Task brief: Every record, apart from its pictures, should be repeated exactly.

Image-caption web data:
======

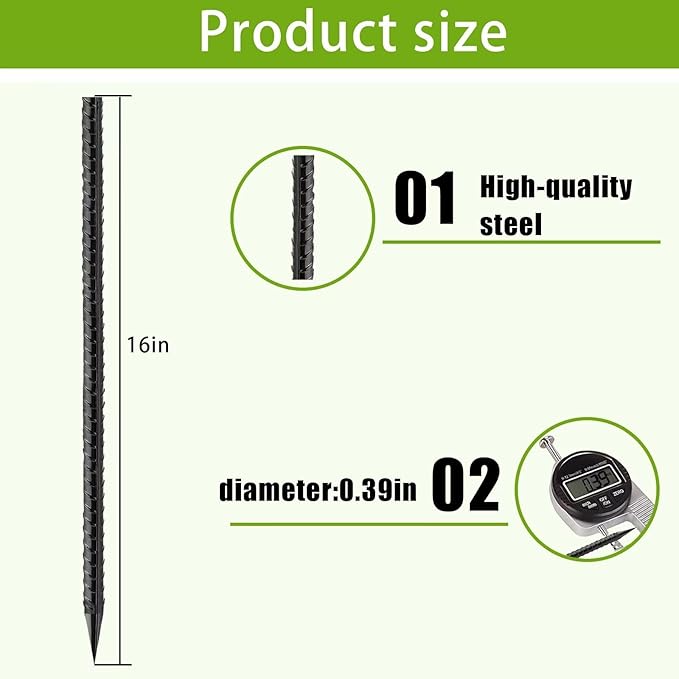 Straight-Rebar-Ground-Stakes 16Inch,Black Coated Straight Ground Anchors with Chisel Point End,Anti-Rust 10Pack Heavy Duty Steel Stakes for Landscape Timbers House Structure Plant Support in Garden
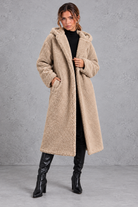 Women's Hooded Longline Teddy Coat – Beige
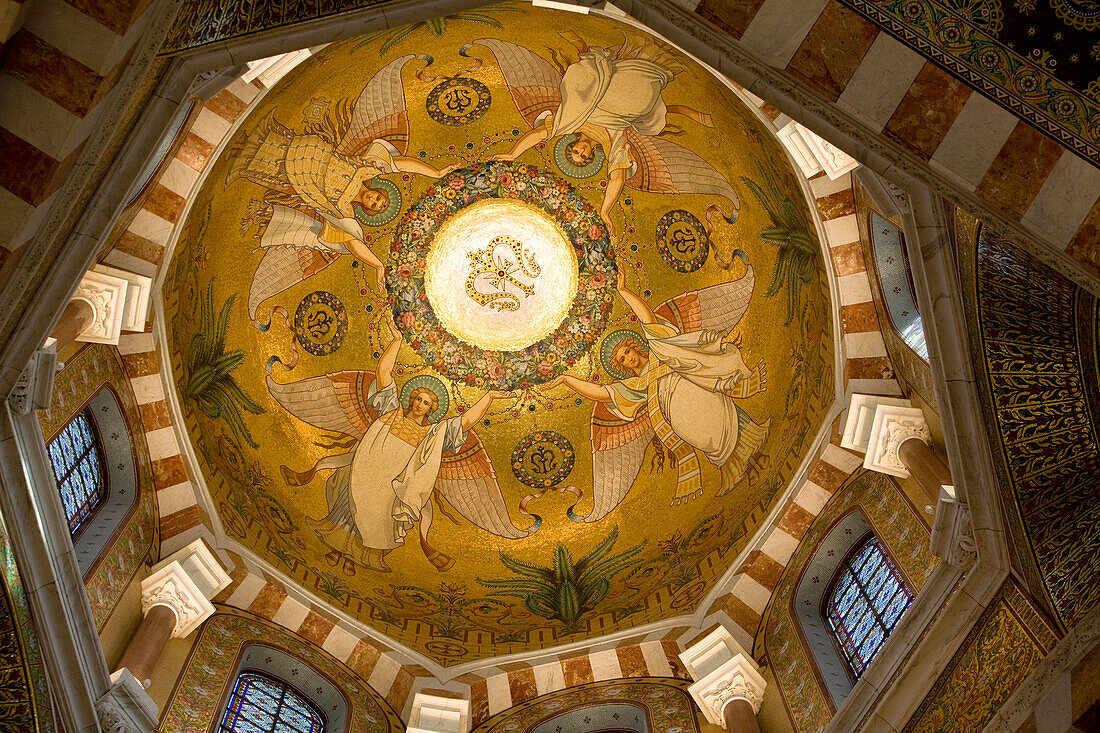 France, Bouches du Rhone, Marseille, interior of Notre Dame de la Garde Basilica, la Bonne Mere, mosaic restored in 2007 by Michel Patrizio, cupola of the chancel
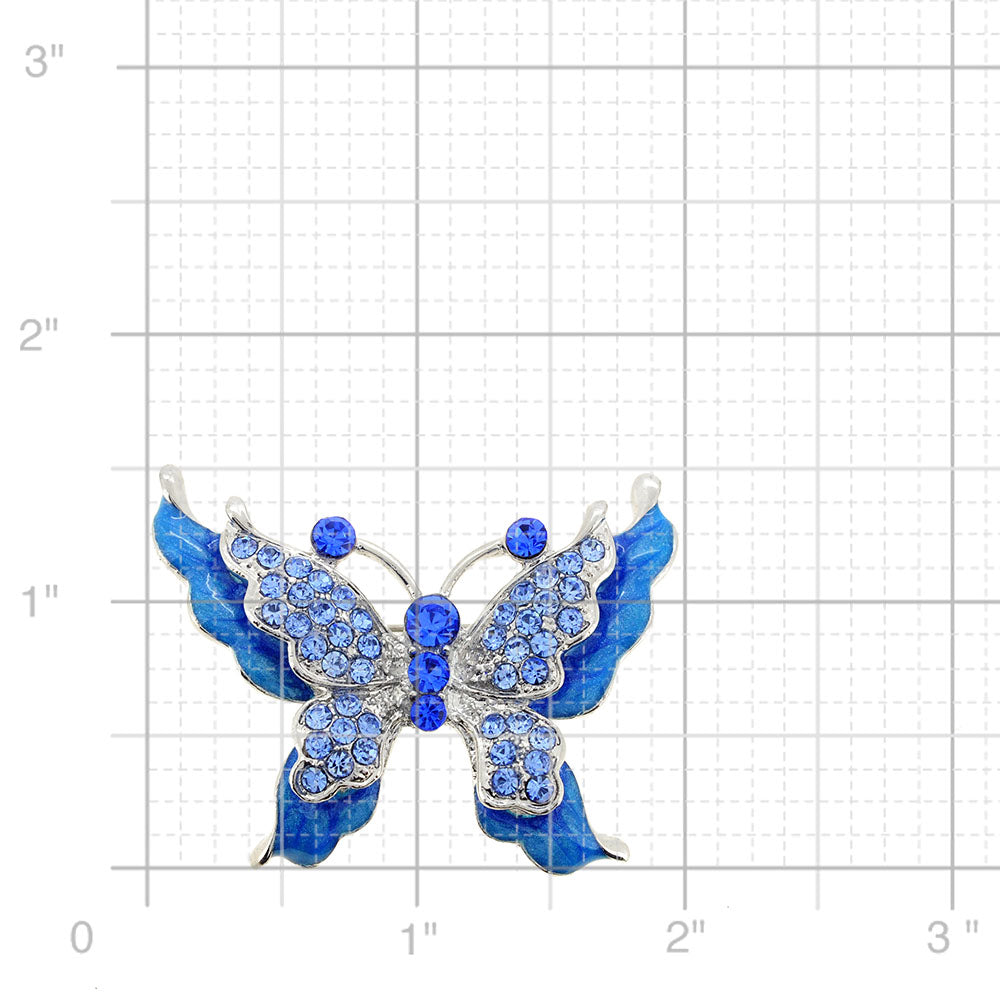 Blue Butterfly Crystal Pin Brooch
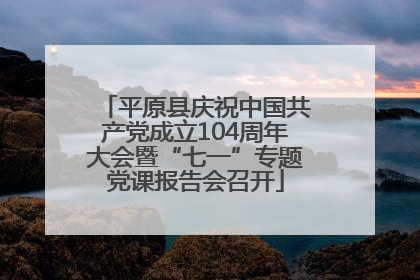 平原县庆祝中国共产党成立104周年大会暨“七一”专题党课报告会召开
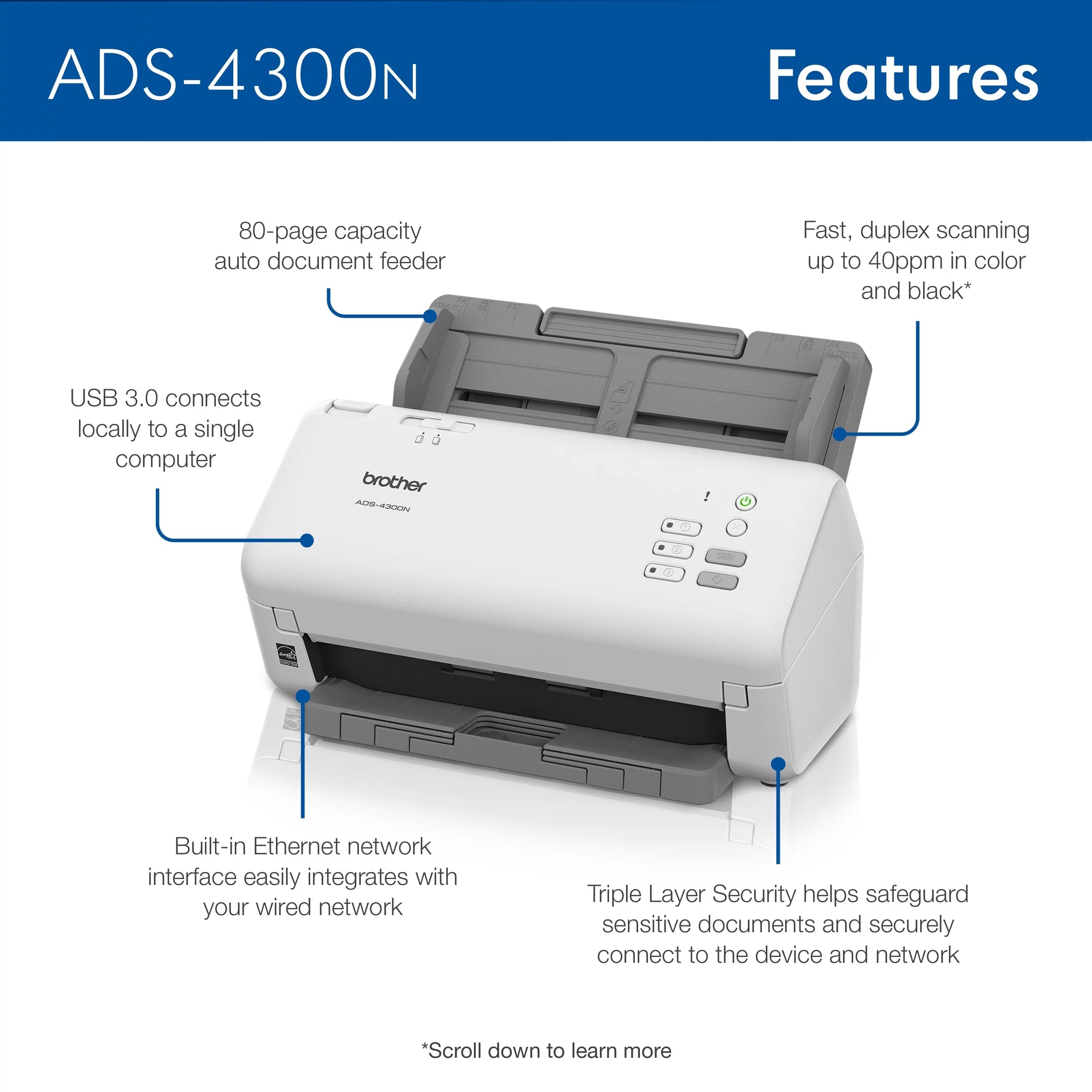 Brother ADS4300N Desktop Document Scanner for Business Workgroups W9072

======

Answer box:
 Straight-Rebar-Ground-Stakes 16Inch,Black Coated Straight Ground Anchors with Chisel Point End,Anti-Rust 10Pack Heavy Duty Steel Stakes for Landscape Timbers House Structure Plant Support in Garden
 Women's Hooded Longline Teddy Coat – Beige
 France, Bouches du Rhone, Marseille, interior of Notre Dame de la Garde Basilica, la Bonne Mere, mosaic restored in 2007 by Michel Patrizio, cupola of the chancel
 Blue Butterfly Crystal Pin Brooch
 平原县庆祝中国共产党成立104周年大会暨“七一”专题党课报告会召开
 Brother ADS4300N Desktop Document Scanner for Business Workgroups W9072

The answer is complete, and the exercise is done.